John Constable, LEscalier de Whitehall, 18 juin 1817
(La Brèche du pont de Waterloo), 1832.

Huile sur toile, 130,8 x 218 cm. Tate Gallery, Londres.

 

 

En 1837, Constable fut trouvé mort dans son lit. Tout en souffrant un peu de ne pas se sentir apprécié à sa juste valeur par le public, Constable se rendait compte des causes qui l’empêchaient d’être populaire. « Mon art, disait-il, ne flatte personne ; il ne vise pas au trompe-l’œil par les minuties de l’imitation ; il ne sollicite personne par sa douceur ; il n’étonne personne par le charme de son fini ; je ne serai jamais le peintre des gentlemen et des ladies ». Mais l’avenir devait venger l’artiste de l’accueil que lui avaient fait ses contemporains, et les prix atteints par ses œuvres depuis sa mort le montrent assez.

Avec Constable disparaissait un des plus grands peintres qu’ait produits l’Angleterre et le véritable rénovateur du paysage moderne. Peut-être n’a-t-il pas été autant qu’on l’a dit l’initiateur de l’École française ; peut-être, ainsi qu’on peut assez souvent le constater dans l’histoire de l’art, un même courant d’idées s’est-il produit en même temps de chaque côté du détroit, sans qu’il soit bien facile de dire avec quelque certitude auquel des deux pays revient l’honneur de la priorité, ni quelle part d’influences réciproques il est juste d’attribuer à chacun d’eux. Quand Constable envoyait en France, au Salon de 1824, les trois tableaux qui devaient y faire sensation, plusieurs des artistes français étaient déjà revenus à cette étude sincère de la nature qui faisait le mérite de ses paysages, et la faveur même avec laquelle ils accueillirent cet envoi suffirait à le prouver.

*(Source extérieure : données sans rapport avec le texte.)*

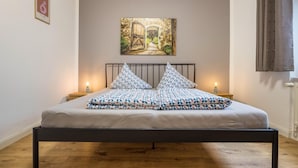 Une chambre à coucher avec un lit, deux tables de chevet, un tableau au mur et une fenêtre avec des rideaux.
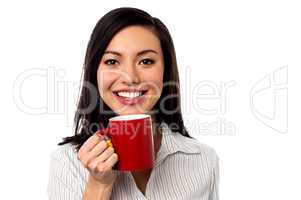 Woman enjoying coffee during work break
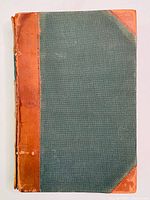 Front cover of the leather bound 1865 Canadian Almanac showing green cloth with brown leather edges.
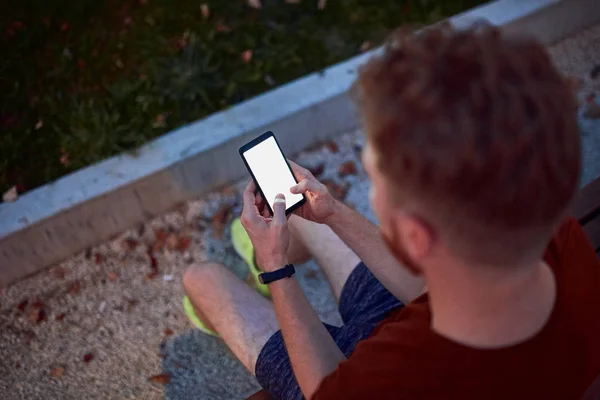 Hombre usando celular en parque urbano por la noche . — Foto de Stock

Constable n’a jamais prétendu au rôle de réformateur, mais l’excellence de sa méthode ne pouvait manquer de porter ses fruits. Tandis que l’exemple de Turner, autorisant toutes les fantaisies, toutes les aventures, même les moins picturales, substituait les hasards de l’exécution à l’étude attentive de la nature, c’est sur cette étude exclusive que s’appuie Constable. Au lieu de courir le monde en quête de motifs inédits, c’est son pays qui le retient et qui l’inspire et, dans ce pays, l’humble et cher village autour duquel s’écoule sa laborieuse existence. En revenant à ces coins familiers, en multipliant les fidèles images qu’il nous en a laissées, il ne pensait pas en épuiser jamais les ressources pittoresques. Ils avaient toujours quelque beauté nouvelle à lui révéler. Ainsi qu’il se l’était proposé dès ses débuts, il est resté le peintre attitré de cette modeste contrée. Goûtant lui-même les jouissances qu’un commerce si assidu lui avait méritées, il nous en fait admirer l’aimable poésie dans des œuvres. De surcroît, sans qu’il y visât, il a créé à nouveau ce genre du paysage intime qu’avant lui les Hollandais, Van Ruysdael surtout, avaient découvert et qu’après lui, par les mêmes recherches persévérantes et désintéressées, l’École moderne de paysage en France allait remettre en honneur.